Hugh Jones, University of Hertfordshire, added: “The longer orbit of the new planet means that its climate and atmosphere may be just right to support life. Just as Goldilocks liked her porridge to be neither too hot nor too cold but just right, this planet or indeed any moons that is has lie in an orbit comparable to Earth, increasing the probability of it being habitable.”
Earlier this year, the Kepler spacecraft found a planet with a similar orbit. However, Kepler 22d is located 600 light years from Earth, whereas this new super-Earth planet known as HD 40307g is much closer being located at forty-two light years from Earth.
Mikko Tuomi carried out this work as a member of the European science network RoPACS (Rocky Planets Around Cool Stars) – an initiative with a research focus on the search for planets around cool stars. RoPACS has pan-European membership and is led from the University of Hertfordshire by David Pinfield, who commented: “Discoveries like this are really exciting, and such systems will be natural targets for the next generation of large telescopes, both on the ground and in space.”
Text, images and videos:
Additional Information on the Images and text:
HD40307_MedRes.wmv (and a lower resolution version HD40307_LowRes.wmv)

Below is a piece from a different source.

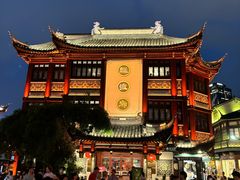 -绿波廊(豫园店)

This shows a fly-through video of the HD 40307 system. The video is physically realistic though the rings and atmospheres are speculative and are not detected or constrained by this work. Credit: Guillem Anglada-Escude at the University of Gottingen.
This artist’s impression shows HD40307g in the foreground (on the left hand side), with its host star HD40307 and two other planets in the system (on the right-hand side). The depicted atmosphere and continents are not detected or constrained by this work. Credit: J. Pinfield, for the RoPACS network at the University of Hertfordshire.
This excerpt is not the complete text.